Calls for Brisbane City Council to bring back kerbside collection have reignited as the city reaches the one year milestone since the Lord Mayor cut the service.

The LNP leader paused the community garbage collection in early April 2020 and cut it from the budget completely a few months later.

Statistics show how big an impact the call to can the garbage collection has had on residents.

Figures from Council documents reveal that in the 10 months after kerbside collection was scraped, Brisbane City Council lodged more than 1,200 jobs to clean up illegal dumping.

Trips to the tip have jumped up too by 18.6% with more people hiring trailers or paying contractors to get their items to the tip.

And 6,040 residents have signed multiple petitions calling for kerbside collection to be reinstated.

Residents have taken to social media to air their frustrations.

“I received my rates notice. Who do I talk to about not paying it for the next 2 years?
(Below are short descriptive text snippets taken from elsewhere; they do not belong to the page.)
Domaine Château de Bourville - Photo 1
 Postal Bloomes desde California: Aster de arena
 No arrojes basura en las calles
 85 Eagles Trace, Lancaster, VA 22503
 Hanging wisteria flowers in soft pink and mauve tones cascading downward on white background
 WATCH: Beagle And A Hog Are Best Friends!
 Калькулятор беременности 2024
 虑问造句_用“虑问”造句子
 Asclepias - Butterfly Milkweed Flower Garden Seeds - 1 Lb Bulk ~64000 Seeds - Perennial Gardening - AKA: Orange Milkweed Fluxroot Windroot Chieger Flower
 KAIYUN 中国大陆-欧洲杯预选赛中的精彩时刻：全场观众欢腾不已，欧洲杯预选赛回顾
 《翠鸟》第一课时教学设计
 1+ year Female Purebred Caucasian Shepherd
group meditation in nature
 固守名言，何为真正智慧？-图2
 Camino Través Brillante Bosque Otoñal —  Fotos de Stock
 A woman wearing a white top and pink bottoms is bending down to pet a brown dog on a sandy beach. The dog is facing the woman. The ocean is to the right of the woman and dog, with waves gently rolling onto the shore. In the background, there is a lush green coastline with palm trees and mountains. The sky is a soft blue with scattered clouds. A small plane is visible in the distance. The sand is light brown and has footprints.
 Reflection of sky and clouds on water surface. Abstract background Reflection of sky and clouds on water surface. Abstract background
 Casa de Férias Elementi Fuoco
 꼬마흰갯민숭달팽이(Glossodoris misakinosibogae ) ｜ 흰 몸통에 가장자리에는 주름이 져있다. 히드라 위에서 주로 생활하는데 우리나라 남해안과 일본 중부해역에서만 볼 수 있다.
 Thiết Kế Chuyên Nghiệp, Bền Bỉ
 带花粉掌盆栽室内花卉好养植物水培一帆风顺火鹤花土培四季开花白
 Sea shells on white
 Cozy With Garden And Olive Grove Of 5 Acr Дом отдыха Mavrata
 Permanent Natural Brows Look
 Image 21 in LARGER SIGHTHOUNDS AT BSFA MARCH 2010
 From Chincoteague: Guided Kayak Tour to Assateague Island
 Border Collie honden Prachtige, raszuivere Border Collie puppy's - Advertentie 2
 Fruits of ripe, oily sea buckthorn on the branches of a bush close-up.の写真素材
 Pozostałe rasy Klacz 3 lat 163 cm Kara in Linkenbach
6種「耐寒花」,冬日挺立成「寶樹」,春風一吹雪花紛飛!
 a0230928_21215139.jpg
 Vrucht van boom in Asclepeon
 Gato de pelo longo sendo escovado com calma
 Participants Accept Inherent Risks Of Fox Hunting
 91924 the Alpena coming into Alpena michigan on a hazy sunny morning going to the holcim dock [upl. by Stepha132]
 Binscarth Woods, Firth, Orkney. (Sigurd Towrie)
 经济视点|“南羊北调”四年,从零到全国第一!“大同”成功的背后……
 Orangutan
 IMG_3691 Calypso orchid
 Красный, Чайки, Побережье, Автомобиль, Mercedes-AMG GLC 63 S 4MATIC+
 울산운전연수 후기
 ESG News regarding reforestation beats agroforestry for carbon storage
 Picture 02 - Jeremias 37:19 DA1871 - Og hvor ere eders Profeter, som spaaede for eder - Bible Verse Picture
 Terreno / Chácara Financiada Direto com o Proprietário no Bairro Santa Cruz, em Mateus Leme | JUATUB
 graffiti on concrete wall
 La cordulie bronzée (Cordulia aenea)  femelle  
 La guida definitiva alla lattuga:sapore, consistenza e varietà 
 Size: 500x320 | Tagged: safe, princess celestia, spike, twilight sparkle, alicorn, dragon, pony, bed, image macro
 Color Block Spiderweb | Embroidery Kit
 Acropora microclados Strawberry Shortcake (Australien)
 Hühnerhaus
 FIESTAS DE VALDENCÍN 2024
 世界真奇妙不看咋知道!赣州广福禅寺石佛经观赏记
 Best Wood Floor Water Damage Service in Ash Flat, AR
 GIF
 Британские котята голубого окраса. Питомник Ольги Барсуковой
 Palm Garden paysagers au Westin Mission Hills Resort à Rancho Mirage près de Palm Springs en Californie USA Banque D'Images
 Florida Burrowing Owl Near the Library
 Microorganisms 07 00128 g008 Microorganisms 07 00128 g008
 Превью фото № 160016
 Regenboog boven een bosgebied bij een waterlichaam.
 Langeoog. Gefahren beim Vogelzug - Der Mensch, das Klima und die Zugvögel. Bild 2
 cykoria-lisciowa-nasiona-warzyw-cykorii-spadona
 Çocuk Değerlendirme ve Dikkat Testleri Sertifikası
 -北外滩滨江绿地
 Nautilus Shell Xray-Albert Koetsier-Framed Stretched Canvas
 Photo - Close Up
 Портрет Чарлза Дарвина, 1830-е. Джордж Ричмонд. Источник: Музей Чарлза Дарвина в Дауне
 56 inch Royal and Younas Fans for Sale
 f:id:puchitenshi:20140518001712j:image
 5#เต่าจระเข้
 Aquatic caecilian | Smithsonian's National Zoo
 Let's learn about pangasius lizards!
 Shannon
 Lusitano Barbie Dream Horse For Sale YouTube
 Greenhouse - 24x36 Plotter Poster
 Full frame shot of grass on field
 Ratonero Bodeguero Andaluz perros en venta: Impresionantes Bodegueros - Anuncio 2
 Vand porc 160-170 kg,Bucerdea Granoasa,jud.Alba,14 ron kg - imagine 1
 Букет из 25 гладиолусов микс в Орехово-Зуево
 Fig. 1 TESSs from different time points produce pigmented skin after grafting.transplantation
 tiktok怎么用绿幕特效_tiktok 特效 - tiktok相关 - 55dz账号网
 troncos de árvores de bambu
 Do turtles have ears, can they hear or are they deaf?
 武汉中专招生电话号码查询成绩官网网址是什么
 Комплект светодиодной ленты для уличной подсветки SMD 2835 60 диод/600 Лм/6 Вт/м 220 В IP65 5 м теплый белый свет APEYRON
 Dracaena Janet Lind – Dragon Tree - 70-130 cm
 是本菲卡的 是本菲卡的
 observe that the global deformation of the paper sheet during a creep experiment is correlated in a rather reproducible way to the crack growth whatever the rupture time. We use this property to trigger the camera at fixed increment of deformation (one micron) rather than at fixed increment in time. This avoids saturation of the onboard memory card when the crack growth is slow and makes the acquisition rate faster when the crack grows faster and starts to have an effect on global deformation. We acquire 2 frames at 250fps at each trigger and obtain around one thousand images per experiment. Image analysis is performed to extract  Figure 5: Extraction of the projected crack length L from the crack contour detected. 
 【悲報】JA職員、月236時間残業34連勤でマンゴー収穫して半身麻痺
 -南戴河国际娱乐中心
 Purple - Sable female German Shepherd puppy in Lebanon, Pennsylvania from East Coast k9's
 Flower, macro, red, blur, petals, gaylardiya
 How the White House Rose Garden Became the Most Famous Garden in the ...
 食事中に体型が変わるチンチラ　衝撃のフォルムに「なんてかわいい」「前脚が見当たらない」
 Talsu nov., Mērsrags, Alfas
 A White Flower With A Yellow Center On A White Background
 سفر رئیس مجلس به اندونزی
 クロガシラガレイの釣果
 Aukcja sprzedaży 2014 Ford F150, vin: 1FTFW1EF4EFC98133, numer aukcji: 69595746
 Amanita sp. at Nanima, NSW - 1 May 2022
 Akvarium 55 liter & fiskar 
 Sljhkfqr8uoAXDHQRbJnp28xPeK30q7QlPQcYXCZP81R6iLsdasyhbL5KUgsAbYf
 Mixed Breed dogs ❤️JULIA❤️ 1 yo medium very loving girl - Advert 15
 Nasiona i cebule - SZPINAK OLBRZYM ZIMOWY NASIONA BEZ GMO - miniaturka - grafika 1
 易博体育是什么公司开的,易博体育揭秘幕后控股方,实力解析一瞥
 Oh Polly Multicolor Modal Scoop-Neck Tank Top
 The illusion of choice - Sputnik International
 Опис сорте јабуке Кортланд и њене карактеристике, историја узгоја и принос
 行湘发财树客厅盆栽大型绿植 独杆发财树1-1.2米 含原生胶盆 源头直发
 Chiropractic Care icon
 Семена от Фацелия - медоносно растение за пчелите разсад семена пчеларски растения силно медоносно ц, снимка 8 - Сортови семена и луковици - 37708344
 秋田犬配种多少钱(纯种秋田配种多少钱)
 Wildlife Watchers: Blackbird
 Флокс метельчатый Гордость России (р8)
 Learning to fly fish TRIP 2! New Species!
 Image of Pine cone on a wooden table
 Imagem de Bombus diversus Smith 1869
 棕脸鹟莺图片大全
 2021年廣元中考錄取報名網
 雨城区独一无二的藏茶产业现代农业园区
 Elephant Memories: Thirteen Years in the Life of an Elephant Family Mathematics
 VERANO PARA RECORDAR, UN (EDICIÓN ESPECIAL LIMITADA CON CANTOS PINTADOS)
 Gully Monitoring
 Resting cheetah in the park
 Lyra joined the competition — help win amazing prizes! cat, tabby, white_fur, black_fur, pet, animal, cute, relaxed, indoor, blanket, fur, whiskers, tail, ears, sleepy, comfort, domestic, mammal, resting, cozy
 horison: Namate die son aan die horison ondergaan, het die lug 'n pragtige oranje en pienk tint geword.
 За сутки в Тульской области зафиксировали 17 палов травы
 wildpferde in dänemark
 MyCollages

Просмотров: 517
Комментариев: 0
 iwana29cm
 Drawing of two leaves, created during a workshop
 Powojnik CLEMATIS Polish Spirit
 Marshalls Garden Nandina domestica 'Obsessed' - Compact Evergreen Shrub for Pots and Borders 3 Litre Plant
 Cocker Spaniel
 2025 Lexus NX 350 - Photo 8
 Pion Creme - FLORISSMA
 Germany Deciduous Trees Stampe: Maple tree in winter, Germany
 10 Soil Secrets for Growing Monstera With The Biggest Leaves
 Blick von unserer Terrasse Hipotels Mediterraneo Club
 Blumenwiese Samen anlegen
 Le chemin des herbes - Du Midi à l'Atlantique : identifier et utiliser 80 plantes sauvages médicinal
I see that you decided not to do kerbside pickup for the next two years to help your budget, so I’ve decided not to pay rates for the next two years to help my budget.” – one resident tweeted.

Council Opposition and Labor leader Jared Cassidy says the community is outraged and rightly so.

“This is a service every single resident pays for either directly through their rates or indirectly through their rent,”

“The LNP Lord Mayor claims he can’t afford $6.5 million a year to fund kerbside collection but can spend the same amount of money in a single year on advertising and promoting himself,”

“Kerbside collection should never have been cancelled and it should be brought back as a matter of urgency.”